* Required work
Leaving the images aside, transcribe all the data below exactly.

* Data segment
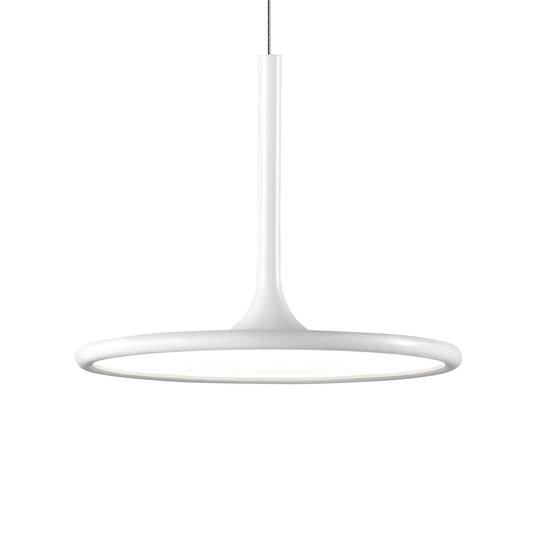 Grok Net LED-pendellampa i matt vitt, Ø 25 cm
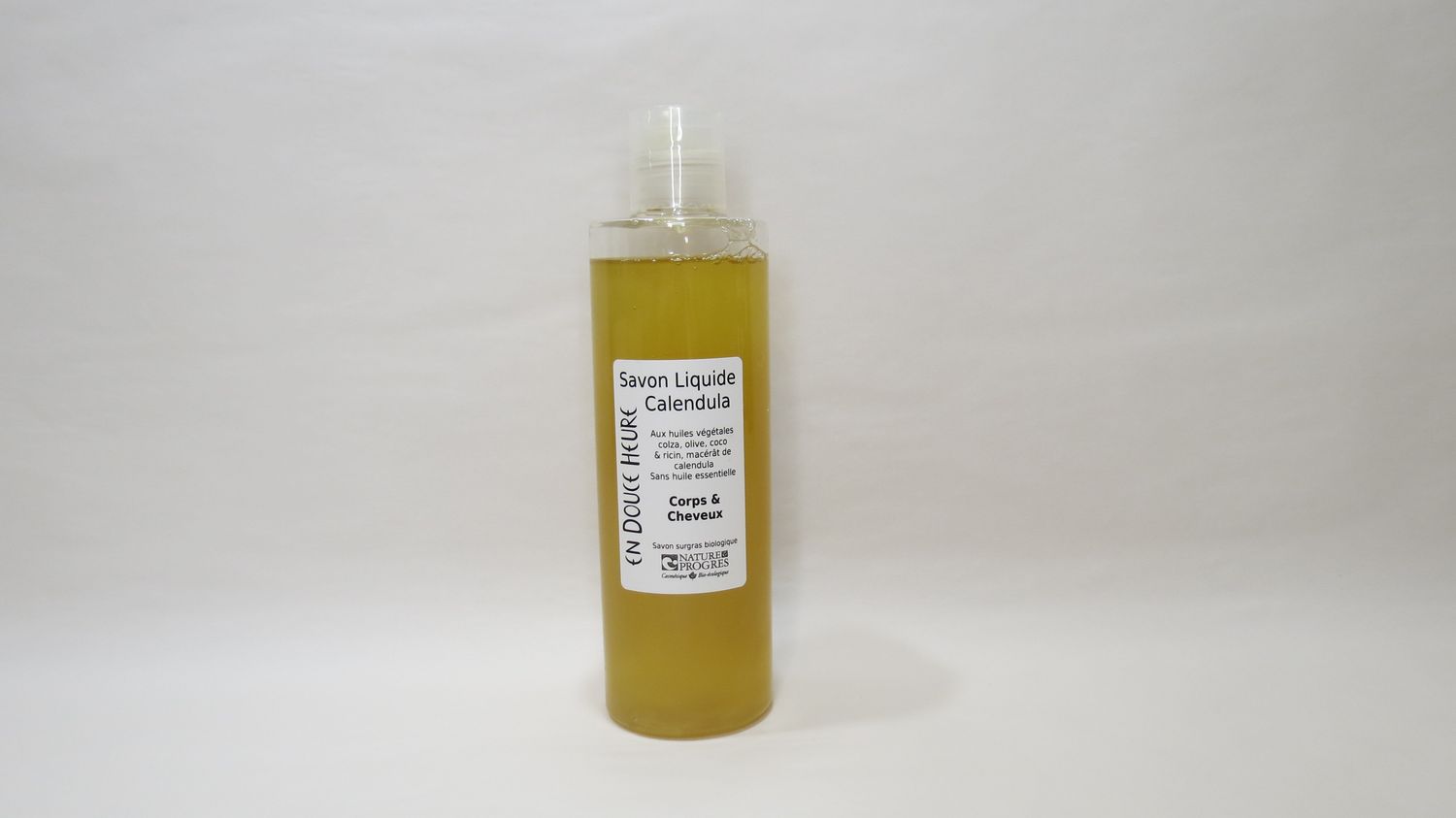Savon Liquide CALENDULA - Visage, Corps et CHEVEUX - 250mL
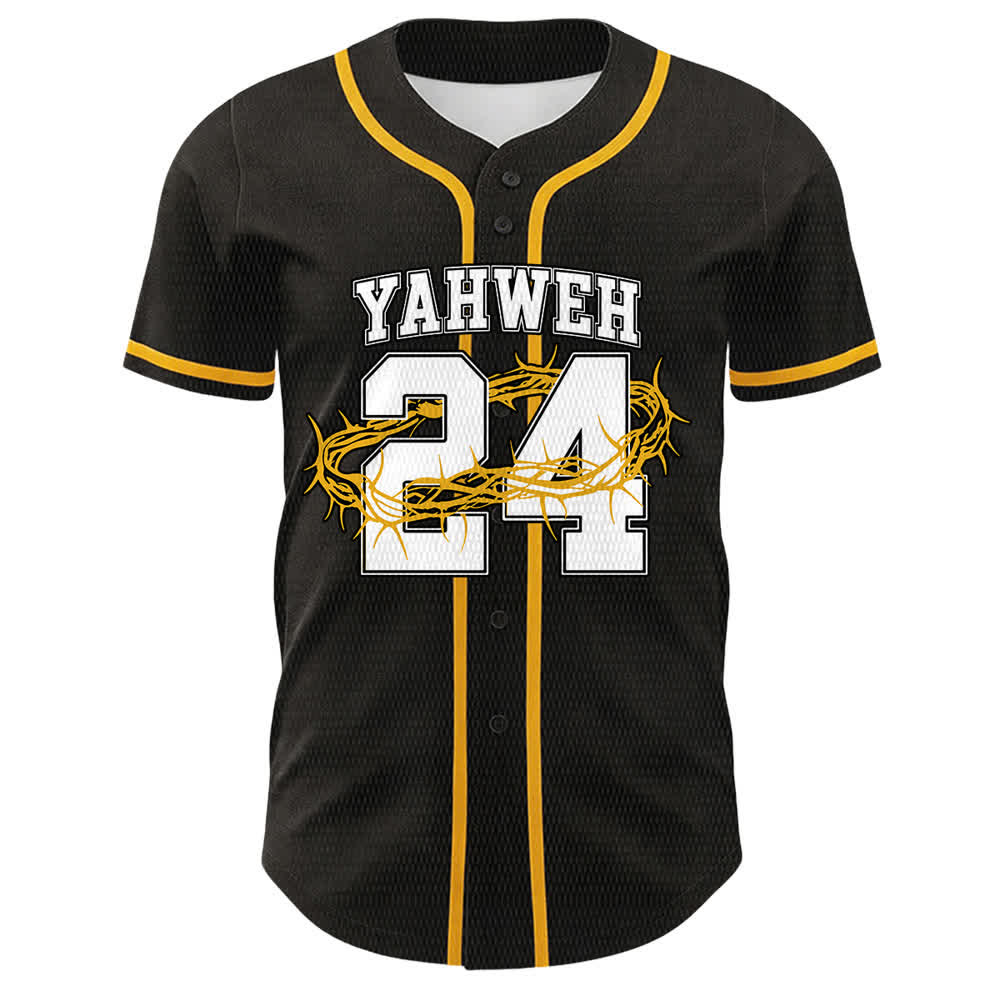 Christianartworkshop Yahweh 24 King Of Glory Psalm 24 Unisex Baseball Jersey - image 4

* Result
 Grok Net LED-pendellampa i matt vitt, Ø 25 cm
Savon Liquide CALENDULA - Visage, Corps et CHEVEUX - 250mL
 Christianartworkshop Yahweh 24 King Of Glory Psalm 24 Unisex Baseball Jersey - image 4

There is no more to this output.